**BRIEF:**
Copy each entry precisely as written, and do not carry over the pictures.

Content starts

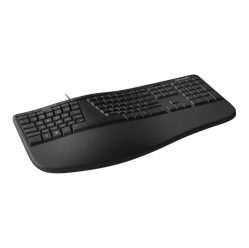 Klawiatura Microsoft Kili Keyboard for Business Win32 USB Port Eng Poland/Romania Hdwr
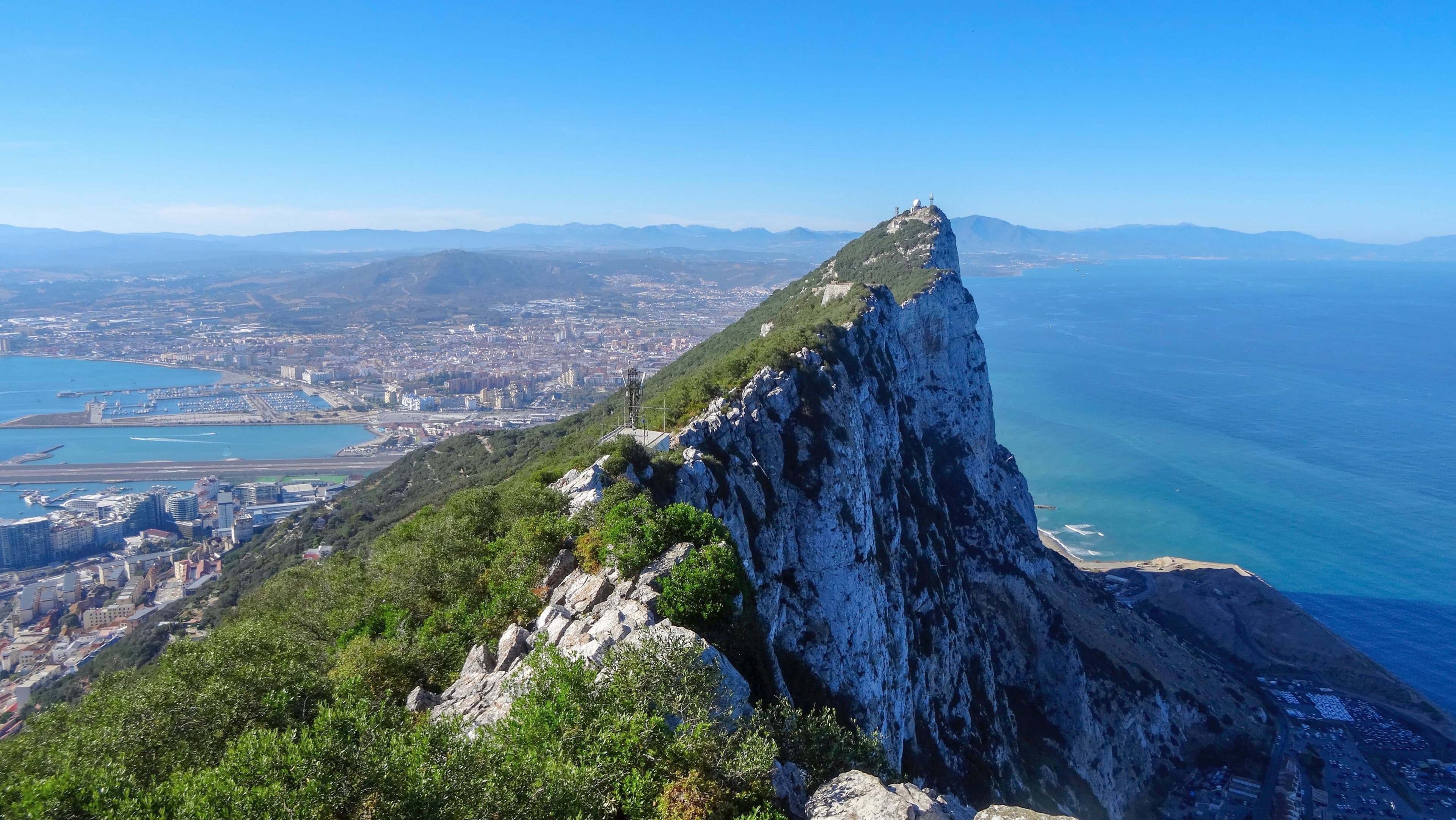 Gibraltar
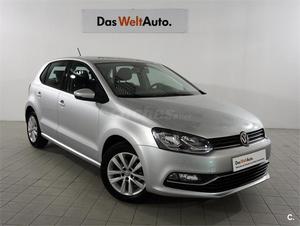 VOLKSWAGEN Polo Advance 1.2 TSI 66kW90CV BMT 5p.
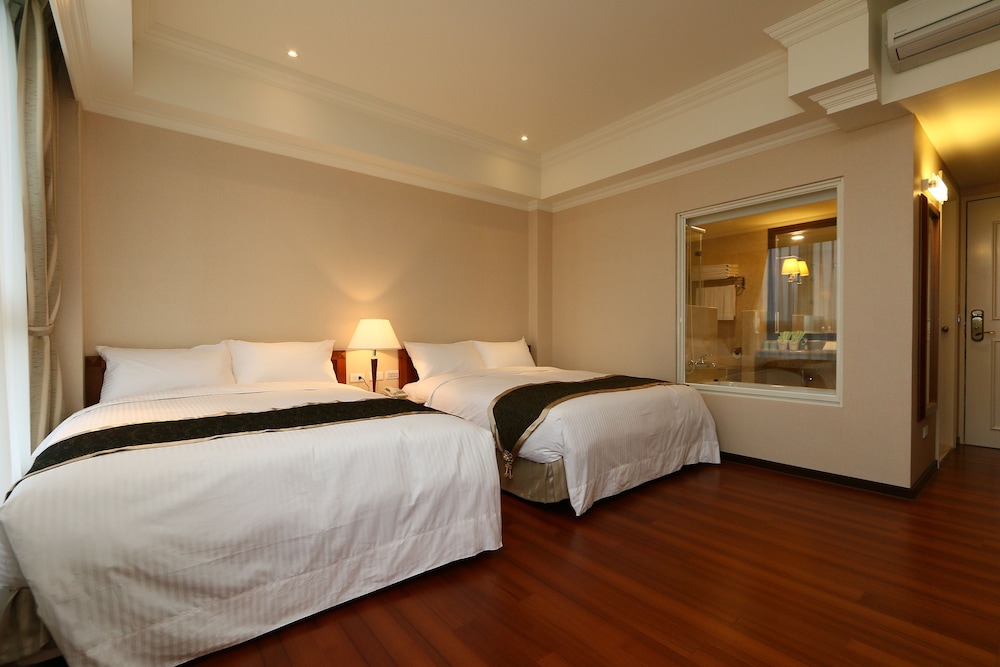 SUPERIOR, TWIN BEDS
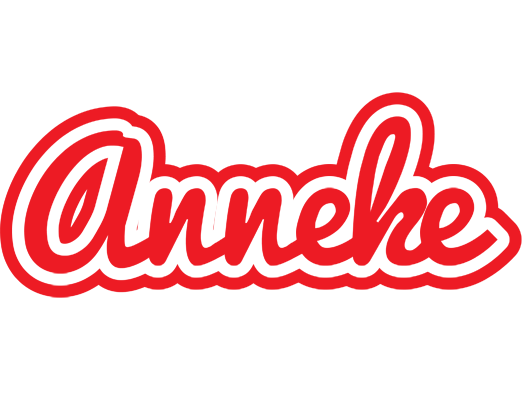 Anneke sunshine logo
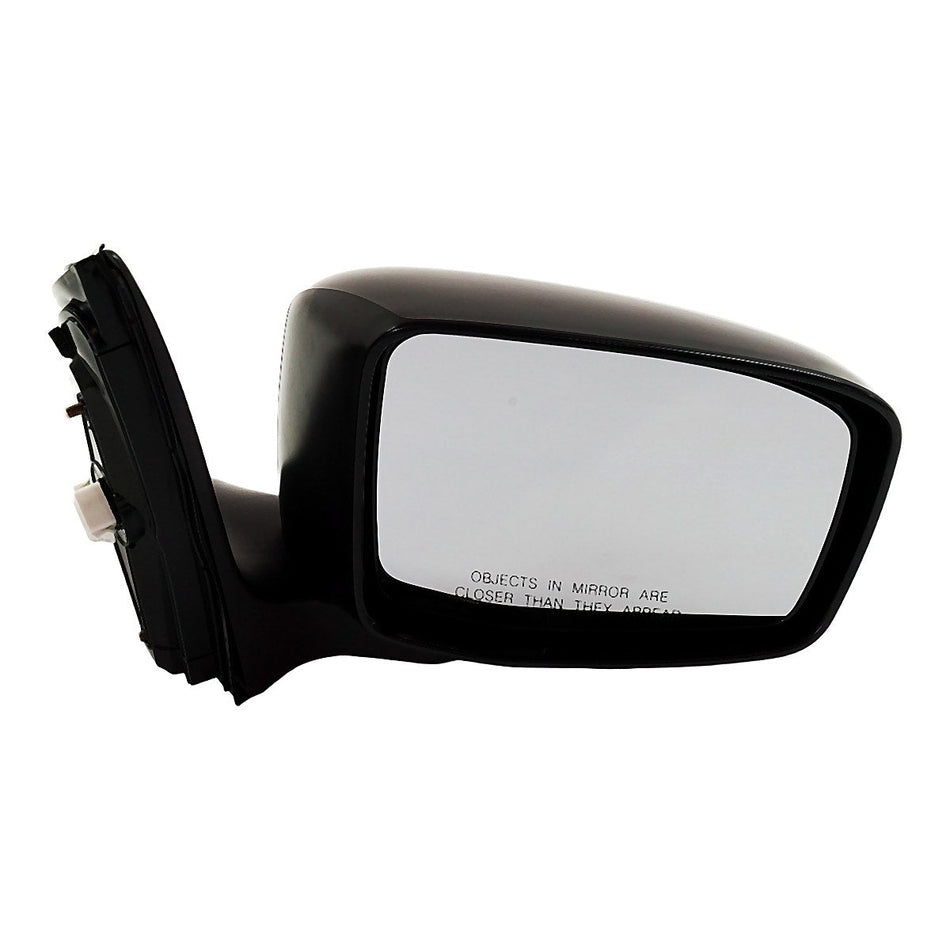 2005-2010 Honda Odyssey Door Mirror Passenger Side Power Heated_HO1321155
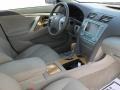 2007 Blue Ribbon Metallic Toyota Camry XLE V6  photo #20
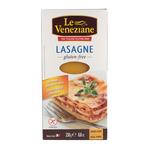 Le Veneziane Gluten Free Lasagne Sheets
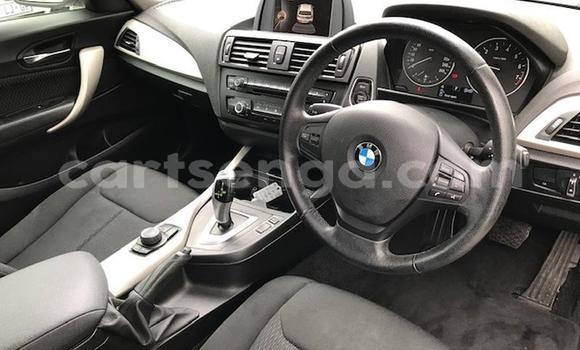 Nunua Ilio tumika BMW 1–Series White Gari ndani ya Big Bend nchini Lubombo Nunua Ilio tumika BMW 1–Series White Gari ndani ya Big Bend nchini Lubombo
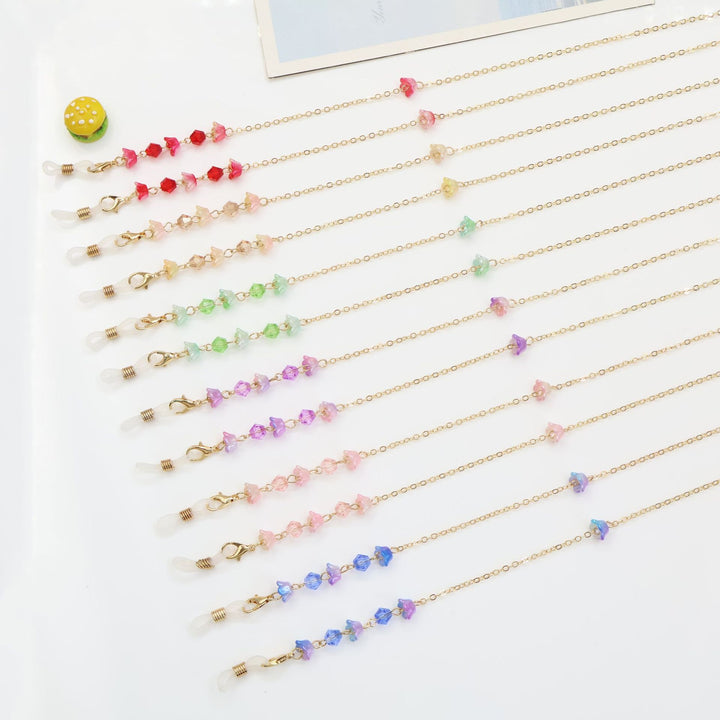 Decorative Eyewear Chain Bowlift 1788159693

Content ends

**WRITTEN RESPONSE:**
 Klawiatura Microsoft Kili Keyboard for Business Win32 USB Port Eng Poland/Romania Hdwr
 Gibraltar
 VOLKSWAGEN Polo Advance 1.2 TSI 66kW90CV BMT 5p.
 SUPERIOR, TWIN BEDS
 Anneke sunshine logo
 2005-2010 Honda Odyssey Door Mirror Passenger Side Power Heated_HO1321155
 2007 Blue Ribbon Metallic Toyota Camry XLE V6  photo #20
 Le Veneziane Gluten Free Lasagne Sheets
 Nunua Ilio tumika BMW 1–Series White Gari ndani ya Big Bend nchini Lubombo Nunua Ilio tumika BMW 1–Series White Gari ndani ya Big Bend nchini Lubombo
 Decorative Eyewear Chain Bowlift 1788159693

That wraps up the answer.